Defining taxonomic features:

  1. Large and unkempt hair
  2. Presence of the inappropriately cut skinny jean, designed to demonstrate either the utter lack of a bottom, or the sheer enormity of it
  3. Real or fake Jack Wills clothing
  4. Bizarre attempts to appear intellectual whilst possessing the common sense of a concussed duckling
  5. Ability to gain an A in A-Level English pleasingly juxtaposed with inability to construct a 1,500 word essay with reasonable clarity.
  6. Being shocked when they turn up at the door, you are busy, and you ask them politely to, “fuck off back to Wiltshire”.
  7. Thinking that academics have 14 week holidays (Christ we don’t all work at UCLAN)
  8. Feigned metro-sexuality.

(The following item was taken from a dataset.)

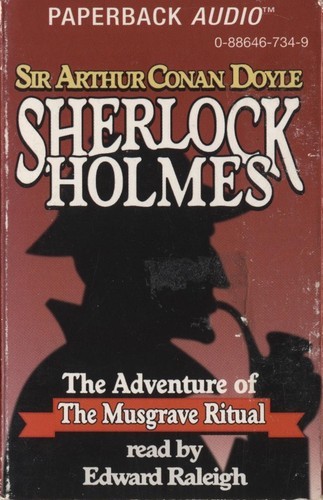 Sherlock Holmes: The Adventure of the Musgrave Ritual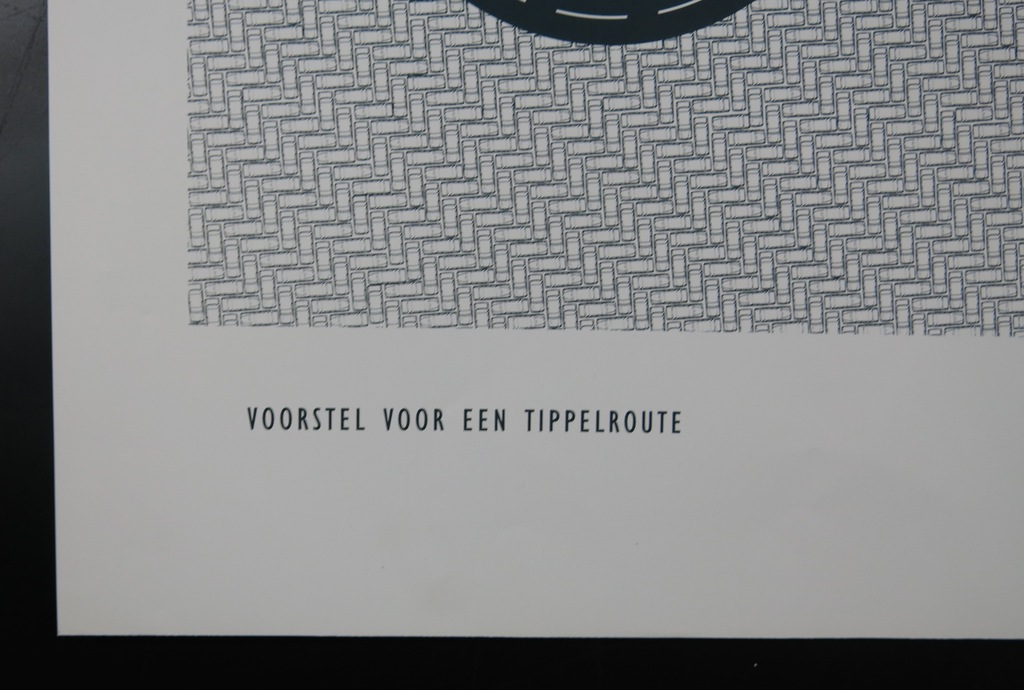 Hans Venhuizen: Zeefdruk, Voorstel voor een tippelroute kopen? Bied vanaf 35!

Just because you are borderline anorexic, possess a beard and a thin tie does not make you sensitive or understanding. It makes you a complete penis of the first order.
  9. Bursting into tears because they got 58% in an exam meaning they only achieved 68% overall. (They’ll be OK though as daddy will buy the Department a minibus to obviate offspring’s ineptitude).
  10. Failing to understand that doing a dissertation in Malaysia is not workable if a). they have no money, b). They have not got a chance in hell of getting the data, d). No peat corers can be carried in flights as they resemble Exocet missiles, e). They cannot speak the language and f). only have 6 days to collect an EPSRC grant’s worth of data.
  11. Being called Tristram, Samantha, Francesca or Dominic

(Balls, that is 11….)

Post-graduates can usually be defined by the following:

  1. Recently awakened but practically contradictory political beliefs (presence on various anti-globalisation marches coupled with surreptitious Starbucks consumption).
  2. Addition of beret and thick spectacles to fashion ensemble with optional bead necklace (again unisex)
  3. A nervous twitch.
  4. Utter lack of realisation that beginning a PhD in human-cow social relations will not land them a job working for Price Waterhouse Coopers or the Labour Party.
  5. Realisation that a PhD in human-cow social relations will not land them a job working for Price Waterhouse Coopers or the Labour Party.
  6. Nervous breakdown.
  7. Get job as market researcher or an RA at a dubious right wing quango looking at ‘immigration solutions’ for UKIP.